Problem to solve: Using the data that follows, output only the lines from the line with "Any essay program" up to and including the line with "Run and test: touch", exactly, leaving pictures aside.

Record excerpts:
·····
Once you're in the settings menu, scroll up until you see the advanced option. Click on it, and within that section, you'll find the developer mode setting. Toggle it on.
·····
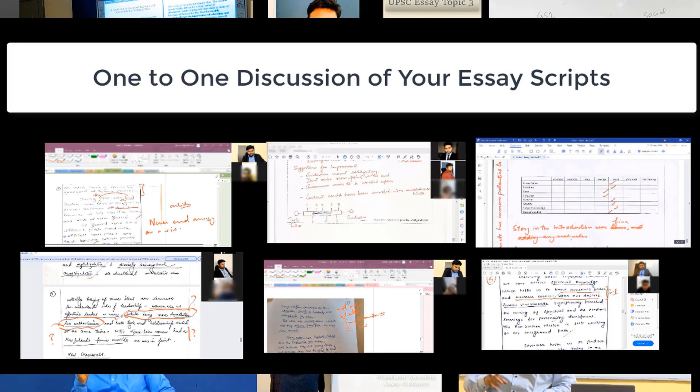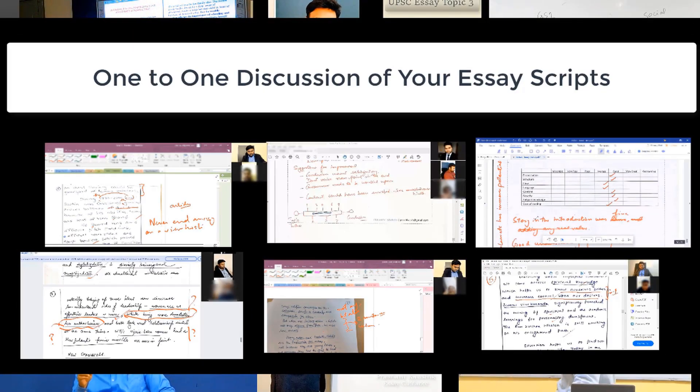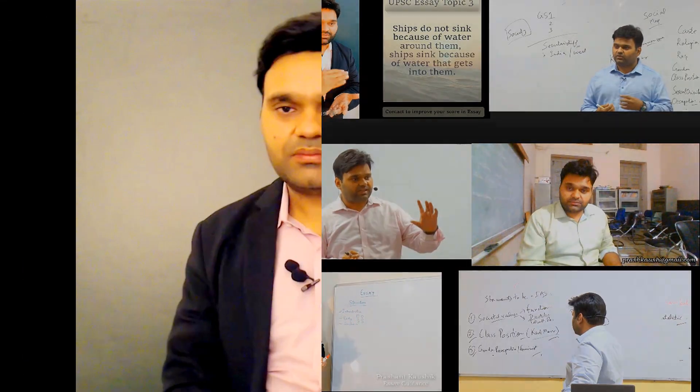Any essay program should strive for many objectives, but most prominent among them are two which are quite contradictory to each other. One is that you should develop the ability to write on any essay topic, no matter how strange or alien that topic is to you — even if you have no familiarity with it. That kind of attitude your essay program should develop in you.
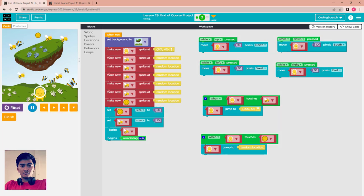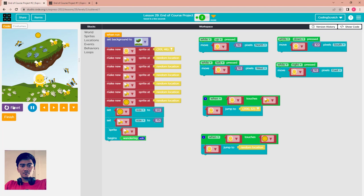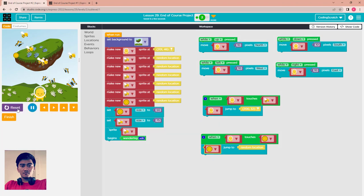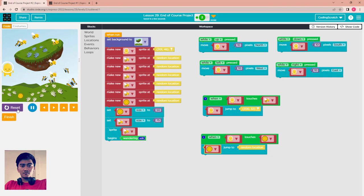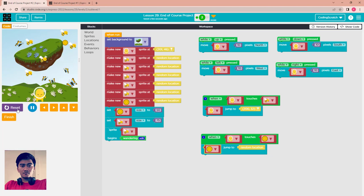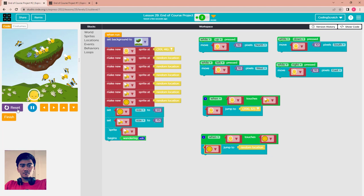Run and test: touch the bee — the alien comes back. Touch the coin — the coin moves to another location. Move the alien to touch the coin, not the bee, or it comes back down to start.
·····
Exercise result:
Any essay program should strive for many objectives, but most prominent among them are two which are quite contradictory to each other. One is that you should develop the ability to write on any essay topic, no matter how strange or alien that topic is to you — even if you have no familiarity with it. That kind of attitude your essay program should develop in you.
Run and test: touch the bee — the alien comes back. Touch the coin — the coin moves to another location. Move the alien to touch the coin, not the bee, or it comes back down to start.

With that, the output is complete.